Massive Open Online Courses, or MOOCs, have received attention as a means of providing learning to large numbers of people around the world. MOOCs aim at large-scale interactive participation and open access to university education via the web.
However, little is known about learning in these environments (Milligan, Littlejohn & Margaryan, 2013). This presentation describes a series of research studies designed to surface, describe and systematise the activities and strategies that adult learners use to self-regulate their learning in the context of a MOOC. The focus was on adult learners’ practices and strategies to plan, attain and reflect upon their learning goals. In this context, the term self-regulation refers to “self-generated thoughts, feelings and actions that are planned and cyclically adapted to the attainment of personal goals” (Zimmerman, 2005, p. 14). The presentation is based around an analysis of how learners in a MOOC planned, implemented and reflected upon their learning goals. The research identified similarities and differences in learning behaviours by learners positioned on different points on the spectrum of SRL aptitude. There will be opportunity to discuss issues arising from these findings.

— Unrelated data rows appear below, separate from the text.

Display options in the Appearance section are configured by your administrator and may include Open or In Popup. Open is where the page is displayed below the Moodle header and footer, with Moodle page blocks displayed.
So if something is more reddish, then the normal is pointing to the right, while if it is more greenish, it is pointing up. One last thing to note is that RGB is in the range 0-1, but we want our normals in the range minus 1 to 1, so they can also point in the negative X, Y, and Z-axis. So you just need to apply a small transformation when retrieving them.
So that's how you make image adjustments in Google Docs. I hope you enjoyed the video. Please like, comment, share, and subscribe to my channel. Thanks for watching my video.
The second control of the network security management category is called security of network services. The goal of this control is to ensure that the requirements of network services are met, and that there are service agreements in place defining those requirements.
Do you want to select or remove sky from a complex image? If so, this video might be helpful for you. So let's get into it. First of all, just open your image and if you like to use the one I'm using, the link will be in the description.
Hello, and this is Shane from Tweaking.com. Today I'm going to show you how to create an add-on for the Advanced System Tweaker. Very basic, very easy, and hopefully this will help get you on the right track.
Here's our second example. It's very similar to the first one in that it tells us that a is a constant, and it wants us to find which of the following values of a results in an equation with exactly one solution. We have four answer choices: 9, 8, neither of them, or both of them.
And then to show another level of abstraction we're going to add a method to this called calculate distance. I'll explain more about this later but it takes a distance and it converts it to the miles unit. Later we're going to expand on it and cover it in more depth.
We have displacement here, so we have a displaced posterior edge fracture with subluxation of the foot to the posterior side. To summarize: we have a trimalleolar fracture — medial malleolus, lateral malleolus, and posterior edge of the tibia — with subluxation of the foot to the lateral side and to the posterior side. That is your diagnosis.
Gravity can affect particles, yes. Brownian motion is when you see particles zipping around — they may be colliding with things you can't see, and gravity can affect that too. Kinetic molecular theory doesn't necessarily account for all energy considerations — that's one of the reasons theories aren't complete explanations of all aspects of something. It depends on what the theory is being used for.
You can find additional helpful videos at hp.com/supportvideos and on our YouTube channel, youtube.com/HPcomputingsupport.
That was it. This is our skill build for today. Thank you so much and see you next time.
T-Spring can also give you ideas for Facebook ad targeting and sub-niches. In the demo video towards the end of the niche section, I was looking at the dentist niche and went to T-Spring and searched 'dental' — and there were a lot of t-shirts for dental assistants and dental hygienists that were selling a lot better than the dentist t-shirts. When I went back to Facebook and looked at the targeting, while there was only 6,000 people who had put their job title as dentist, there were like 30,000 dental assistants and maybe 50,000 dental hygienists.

Dr David Mills, University of Oxford
Week 8 - Thursday, 5 December 2013
Lively bureaucracy: The ESRC, UK universities and doctoral training
This presentation, drawing on a research project led by Professor Ingrid Lunt, focuses on the changing relationship between the UK government, its research councils and universities, focusing on the governing, funding and organization of doctoral training. The national research councils increasingly see themselves as active and ‘empowered’ partners of universities, working with a select network of institutional 'investments' to prioritise current government agendas.
Drawing on interviews carried out with Directors of the 21 Doctoral Training Centres (DTCs) funded by the Economic and Social Research Council (ESRC), the presentation describes the diverse ranges of responses to this shifting and dynamic governance culture. This paper highlights the growing number of institutional collaborations and interdisciplinary initiatives that are emerging, and draws on recent work in science governance to show how an increasingly ‘lively’ Research Council bureaucracy is reshaping the social sciences in the UK.